Seit Monaten versuchen Repräsentantenhaus und Senat den Rüstungsexport an Saudi-Arabien und VAE wegen des laufenden Völkermords, den die Streitkräfte Riads und Abu Dhabis seit 2015 im Jemen verüben, zum Erliegen zu bringen. Doch mit dem Verweis auf seine präsidiale Macht hat Donald Trump dagegen ein Veto eingelegt und seine Amigos in der amerikanischen Rüstungsindustrie weitermachen lassen. Wegen des Funds der emiratischen Javelin-Raketen - eine Gemeinschaftsproduktion von Raytheon und Lockheed Martin - in Garian hat der demokratische Senator von New Jersey, Bob Menendez, von Außenminister Mike Pompeo nun eine offizielle Untersuchung verlangt. Währenddessen hat die Niederlage von Garian Hifter in Rage versetzt und ihn dazu veranlaßt, der Türkei praktisch den Krieg zu erklären. Seit dem 29. Juni behält sich die LNA vor, jedes türkisches Schiff in libyschen Hoheitsgewässern und jedes türkische Flugzeug im libyschen Luftraum anzugreifen und zu versenken bzw. abzuschießen.

Noch im Mai haben UN-Vertreter vergeblich auf die Verlegung jener Flüchtlinge gedrängt, deren Inhaftierungslager sich in der Nähe des Kampfgeschehens befanden. Das Lager, das in Tagiura, einem östlichen Vorort von Tripolis, liegt und das gestern von zwei Raketen getroffen wurde, steht auf einem Industriegelände unmittelbar neben einem großen Waffendepot der Regierungstruppen, das offenbar das eigentliche Ziel gewesen ist.
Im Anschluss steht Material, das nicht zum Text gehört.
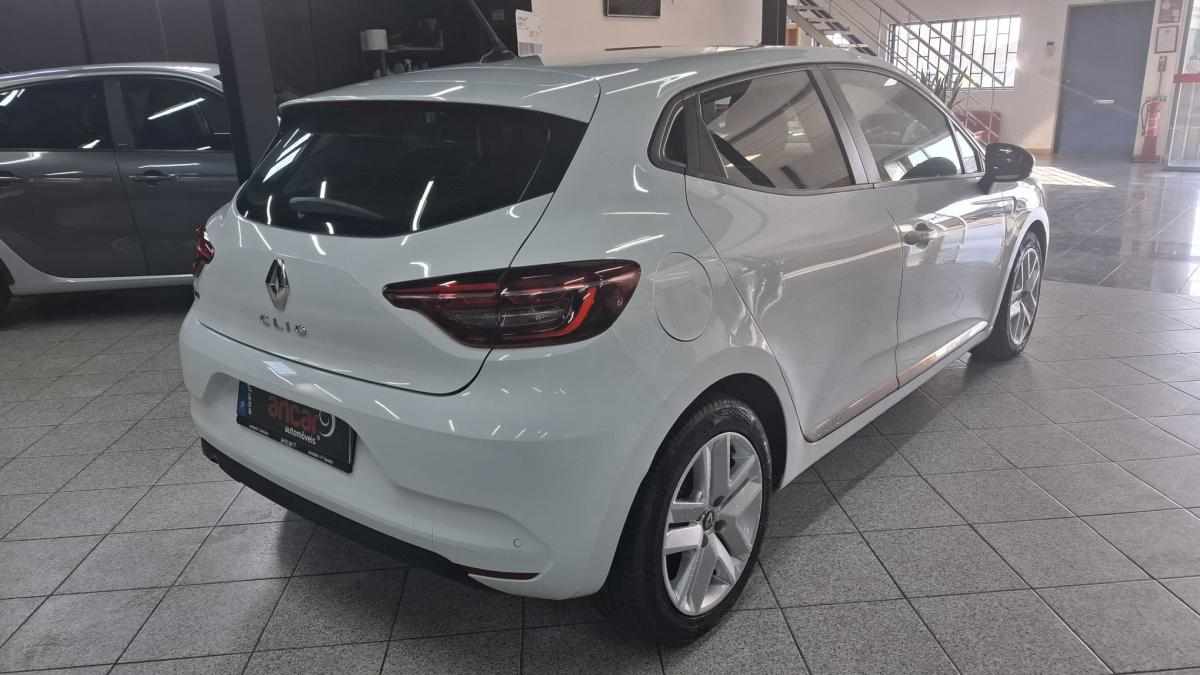renault-clio-1-0tce-2021-gasolina-999cc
Deswegen werfen Hifter und die LNA ihren Gegnern vor, die Flüchtlinge als "menschliche Schutzschilde" zu mißbrauchen. Die Situation der Migranten stellt sich sogar noch schlimmer dar. In einem Artikel, der in der heutigen Ausgabe der New York Times erschienen ist, berichtete die Journalistin und Menschenrechtsaktivistin Sally Hayden, die nach eigenen Angaben in geheimem Telefonkontakt mit einigen der Gestrandeten in Tagiura steht, die arabischen Milizionäre würden die Flüchtlinge dazu zwingen, Munitionskisten hin- und herzuschleppen, Wache zu stehen und gelegentlich sogar an der Front mit dem Gewehr in der Hand mitzukämpfen. Wer sich weigere mitzumachen werde schwer gefoltert oder gleich getötet, so Hayden.

Die Chancen, daß die Kämpfe in Libyen bald abflauen, sind gering. Wegen des Vorfalls von Tagiura sieht sich Hifter nun des Vorwurfs eines begangenen Kriegsverbrechens ausgesetzt. Dieser Umstand und die aktuelle militärische Schwäche der LNA dürften bei ihm keine Neigung zu verhandeln wecken. Im Gegenteil werden Hifter und seine Förderer in Kairo, Riad, Abu Dhabi und Washington ihre Bemühungen auf dem Schlachtfeld verstärken. Auch die UN-Sanktionen gegen die verschiedenen Milizenchefs dürften deren Einbindung in eine wie auch immer geartete Friedenslösung nicht gerade einfacher machen. Vor diesem Hintergrund steht den Menschen in Libyen im allgemeinen und den Einwohnern von Tripolis im besonderen ein blutiger Sommer bevor.